Task description » Below are some records; state how many of their lines contain the word "inversión", and add nothing.

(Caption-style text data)
[Start of Attachment]

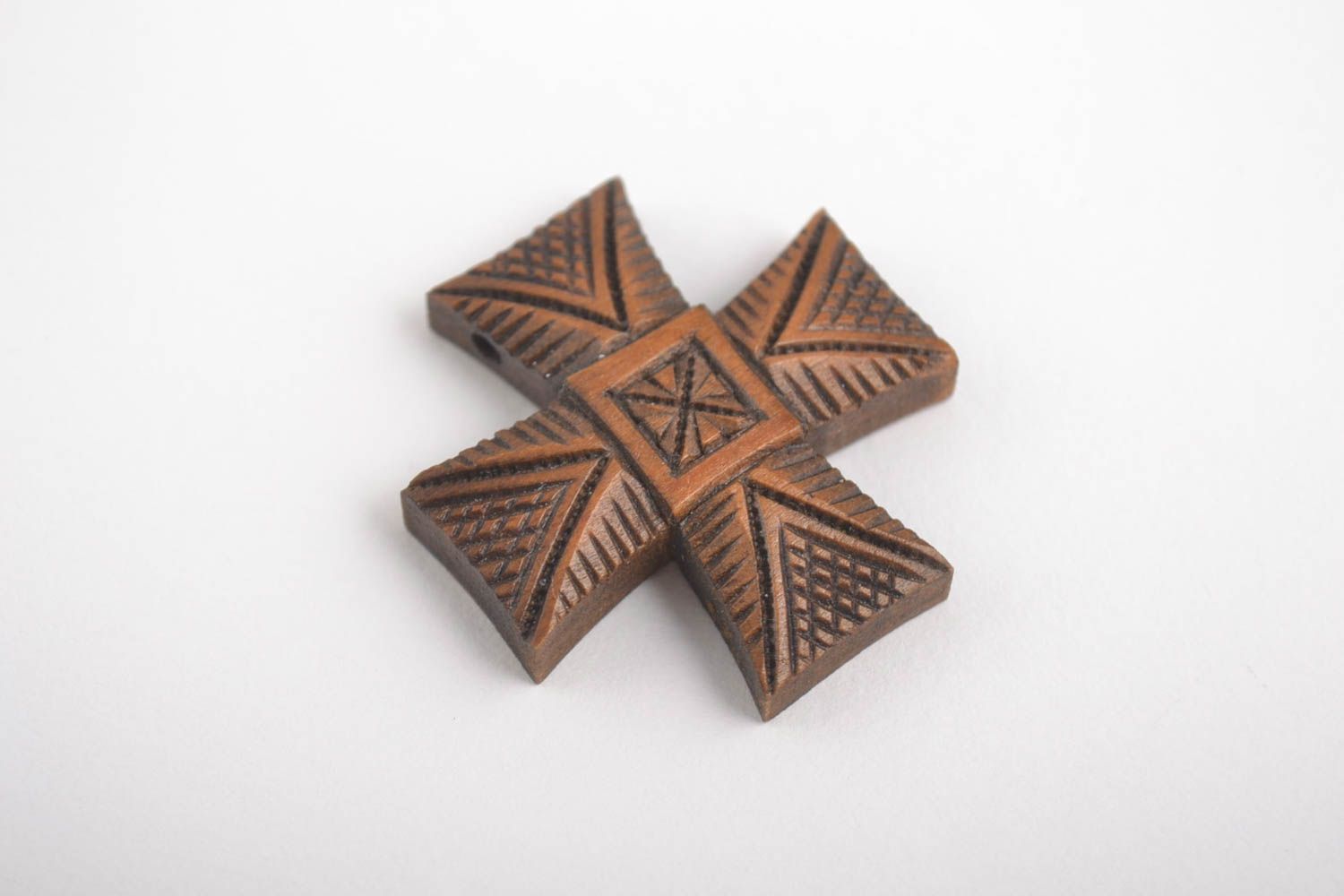 Handmade Kreuz aus Holz Damen Schmuck Holzkreuz Anhänger quadratisch geschnitzt foto 4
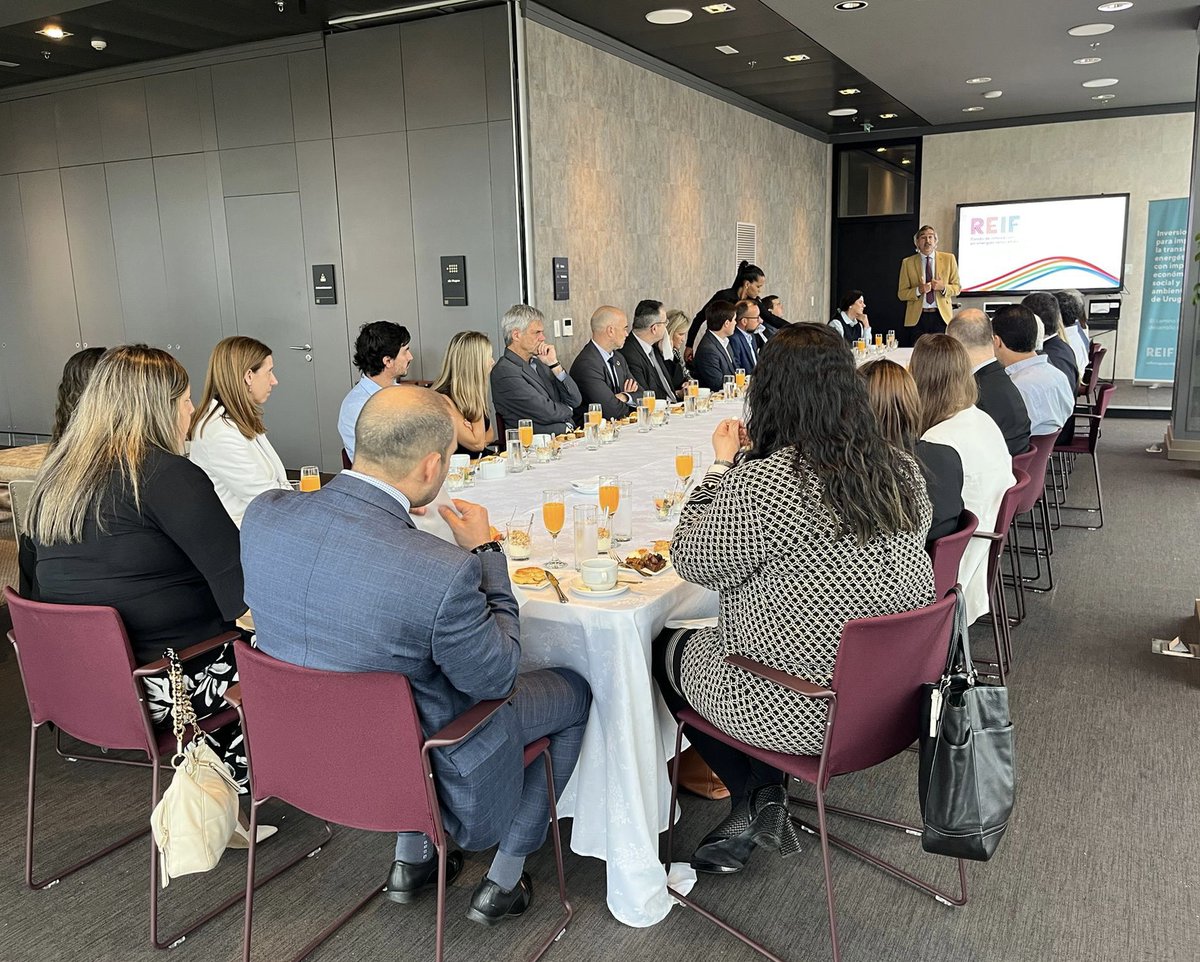 Una nueva forma de hacer negocios🫱🏼‍🫲🏾

➡️Hoy presentamos al sistema bancario los ejes estratégicos y la política de inversión del REIF

✅Cada proyecto de inversión es una oportunidad para generar #impacto.

<a href="/bbva_uruguay/">BBVA en Uruguay</a> <a href="/ItauUruguay/">Itaú Uruguay</a> <a href="/BROU_uy/">Banco República</a> <a href="/HSBC_UY/">Gokul</a> <a href="/ScotiabankUy/">Scotiabank Uruguay</a> #BanqueHeritage
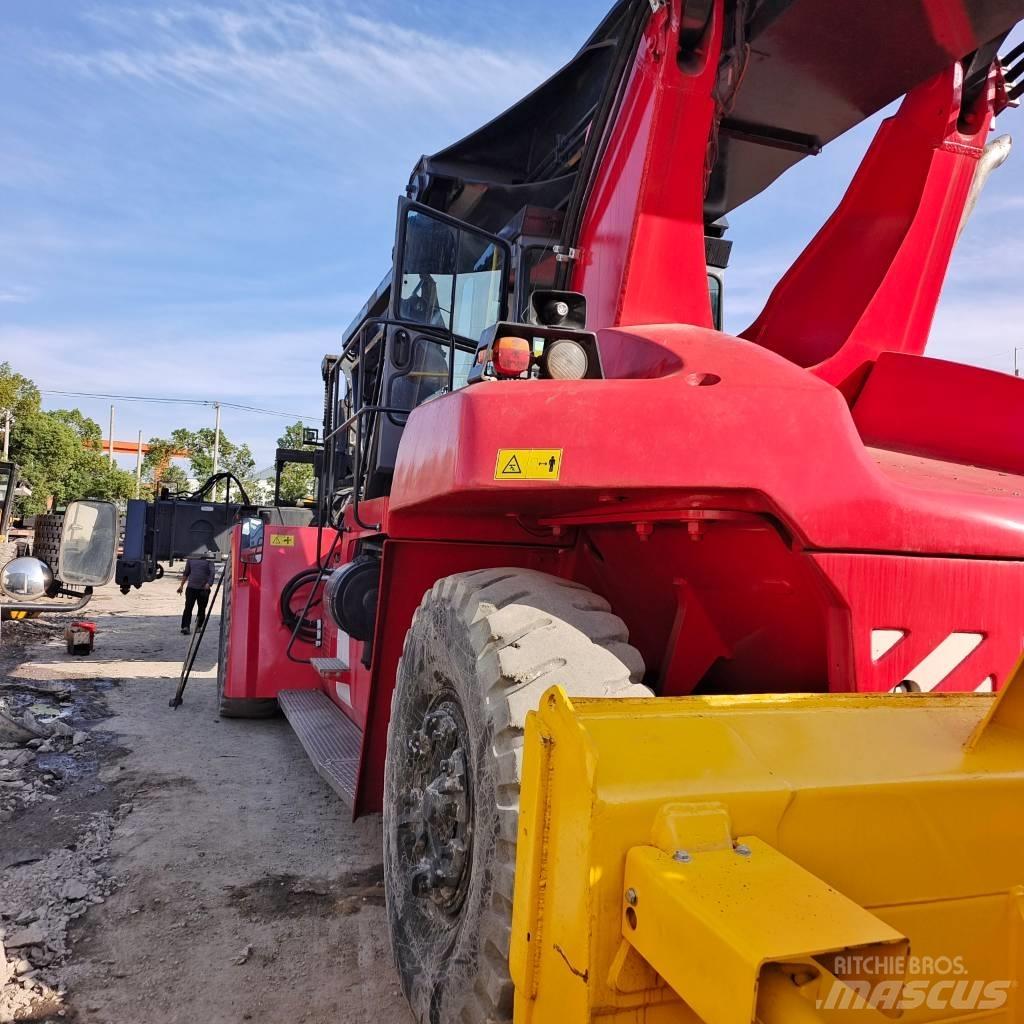 Kalmar DRT 450 Konteineritõstukid
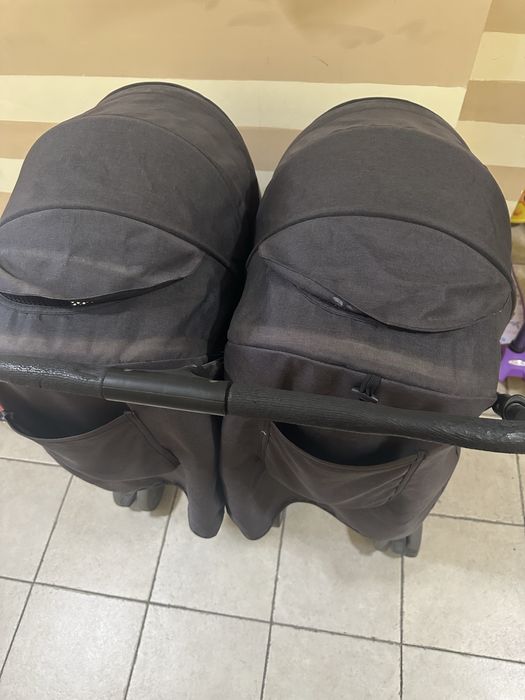 Коляска для двойни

[End of Attachment]

Written solution » 2